The next two ways of valuing solar are variations on the retail electricity rate that have evolved out of the many debates over NEM. One would retain NEM and add some kind of “demand” or “fixed” or “flat” charge for all customers to cover lost utility revenues. The other would retain NEM and add a “dollars-per kilowatt” or a “dollars-per-month” or a “dollars-per-kilowatt-per month” charge for solar owners.
“These are different constructs of the same thing,” Mahrer said. “They use familiar tools that utilities and regulators have used for years to solve the new problem. But will they work in a universe of increased distributed generation resource types, electric vehicles, and more active home energy management systems?”
New ways to value solar
The last two ways of valuing solar, Mahrer said, are forward-looking. One separates the retail price of electricity. It pays solar owners for the value their site-generated electricity adds to the grid and charges them the same as all other utility customers for their use of grid electricity.
This value of solar concept was first introduced by Austin Energy in 2012. This year, Minnesota made it a law which is now being studied by Xcel Energy and Minnesota Power.

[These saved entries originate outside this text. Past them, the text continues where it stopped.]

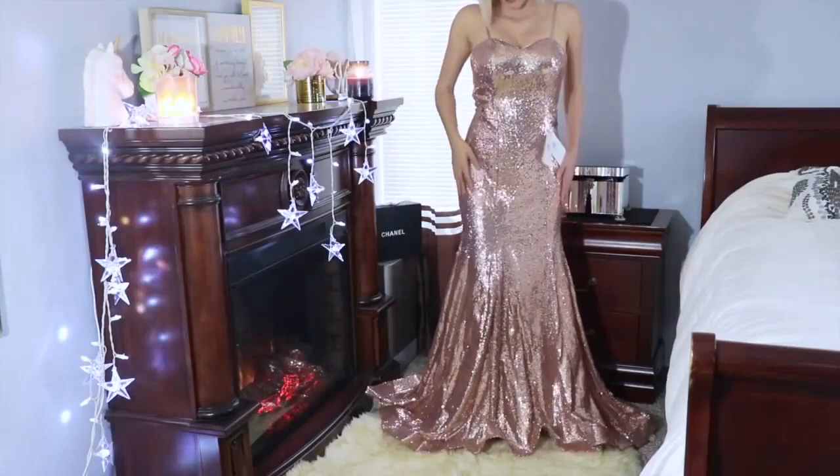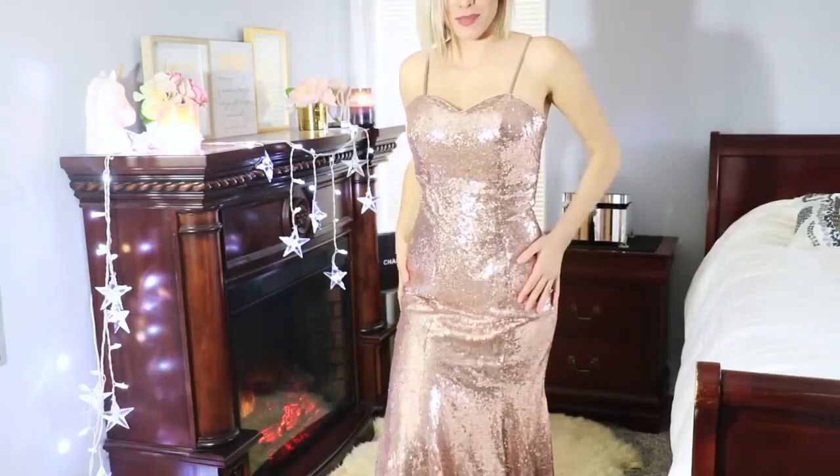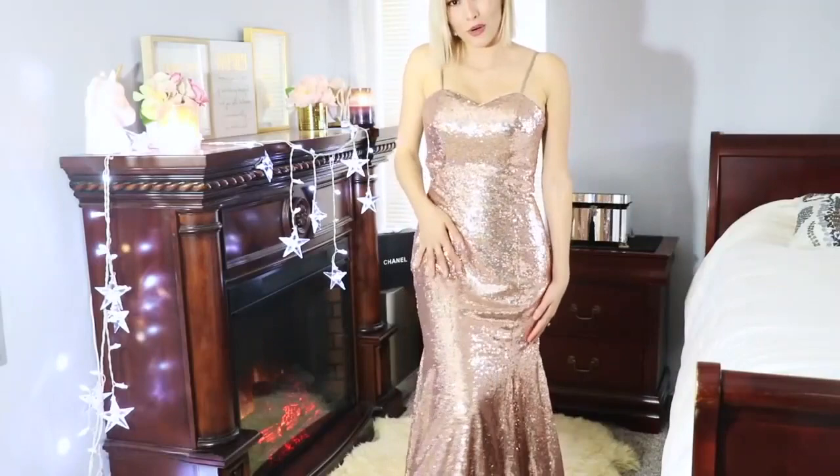Wow, this dress — it already speaks for itself. I feel so fancy with this dress. I love dresses like these, but this one definitely blew me away, especially the bottom — it's so beautiful and flared out. If you want to look like a golden goddess on your special day, I think this dress would be perfect for that. I am just stunned by this dress and how beautiful it glistens in the light.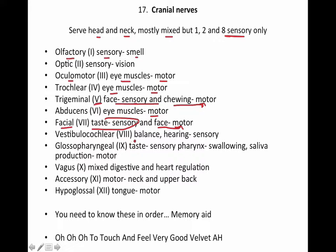Vestibulocochlear deals with balance and hearing, which is also sensory. Glossopharyngeal deals with taste as the sensory part, and then the pharynx — swallowing and saliva production — which are motor. The vagus is a mixed nerve with digestive and heart regulation. The accessory deals with the neck and the upper back, and hypoglossal deals with the tongue.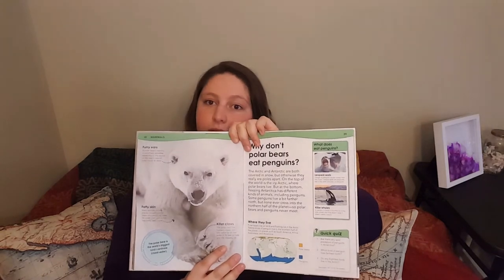Last animal is polar bear. It doesn't have a specific sign — it's more 'white bear.' So white — like you're pulling from your chest — white, then bear. White bear. It's a polar bear.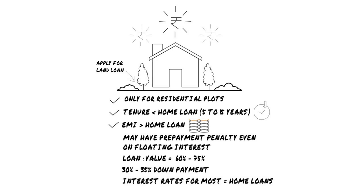Land loans may have a prepayment penalty even if you are on a floating interest rate. The loan to value ratio of a land loan lies between 60% to 75%, and most lenders have a cap on the maximum amount that you can borrow. You will have to bear almost 30 to 35% of the cost as down payment. The interest rates for most land loans are usually at par with home loans.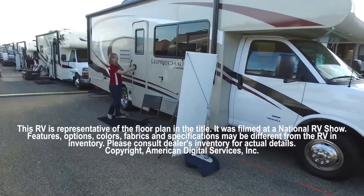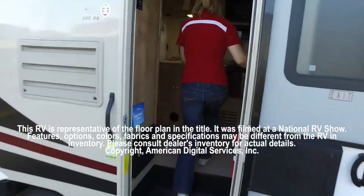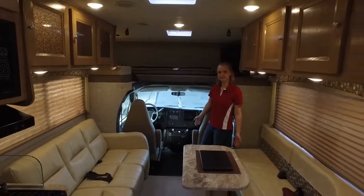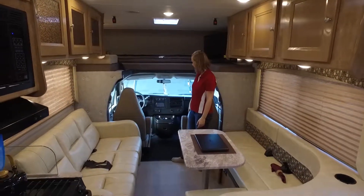This RV is representative of the floor plan made by this manufacturer. It was shot at a national RV show. The features, options, colors, fabrics, and specifications may be different from the RV in the dealer's inventory. Please consult the dealer's inventory for actual details on this RV.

SEPA’s fifth option is Transactive Energy Services, as developed in research by San Diego Gas and Electric, the EPIC Center, Black & Veatch, and Clean Power Research. Though not yet implemented, It is “a broad sweeping reform of current rate design" that considers the full range of energy attributes and services provided by both utilities and customers. And it incorporates “detailed menus of electricity costs, benefits and services.”
“Transactive Energy Services could have a whole series of numbers that could be generated on an annual basis or on a near real-time basis, depending on the market,” Mahrer said. “It is not available today but there will be a lot of enabling technologies, through the advanced metering infrastructure being put in place today, or other types of communication technologies, and it is where the industry has to go.”
“Today you buy electricity as a bundled product but it is being unbundled,” Taylor added. “The interim step is probably time-of-use rates that Sacramento Municipal Utility District is working on, to send smarter market signals for consumption and generation. That is a transition toward a very sophisticated and wholly conceptual future that will require smart meters, a smart grid, sophisticated customers, and solar people who can explain it to customers.”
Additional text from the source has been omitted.